“Everyone has their yellow paint.” The story goes that Vincent Van Gogh (the poster person for tortured artists, right beside Edgar Allen Poe) ate yellow paint thinking that consuming it would paint his insides bright and yellow and therefore make him happy. All too often this story is painted in an inspiring light as if the yellow paint wasn’t toxic. People romanticize this as something inspiring or beautiful as if the yellow paint wasn’t slowly killing him. After reading enough about how beautiful the yellow paint story was to some people, I wrote a poem of sorts to describe my feelings towards it.
The yellow paint symbolizes something lovely,
poetic and metaphorical,
anything that ‘makes them feel happy’.
But Van Gogh didn’t consume yellow paint for happiness or for beauty,
it was for numbness and killing the pain.
Less flowers and coffee, more cyanide and cigarettes.
Less happiness, more bone-throbbing pain.
Less feel good self-love, more lethal self-destruction.
It’s easy to view pain as beautiful.
How else are we to deal with something so ugly besides painting it into something that’s easier to look at,
nicer to view, something to inspire us rather than hurt us.

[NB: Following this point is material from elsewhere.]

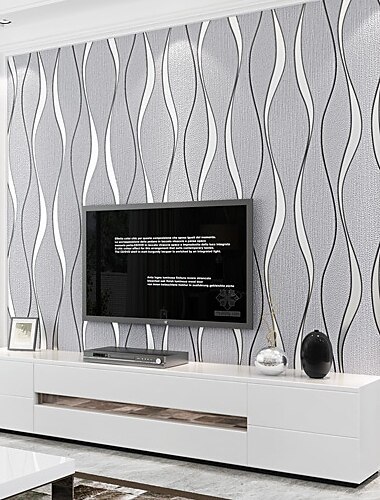  einfarbige streifentapete wandverkleidung ziegel beflockung vlies wohnkultur für wohnzimmer schlafzimmer hintergrund 1000x53cm/393.7''x20.87''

While institutionalized in Saint-Remy, his physician wrote that Van Gogh wanted to poison himself by eating paint and drinking turpentine, which was why he was not allowed in his studio while suffering from his attacks. Van Gogh’s yellow paint didn’t pave the way to his happiness and mental recovery, it threw him down a spiraling path of self-destruction and suicidal tendencies. The symbolic yellow paint took him away from his art and nearly drove him mad. Yellow paint is something that should be vilified rather than glorified. Suicide isn’t romantic and self-destruction isn’t pretty. Rather than painting over the ugliness, look at it and learn from it.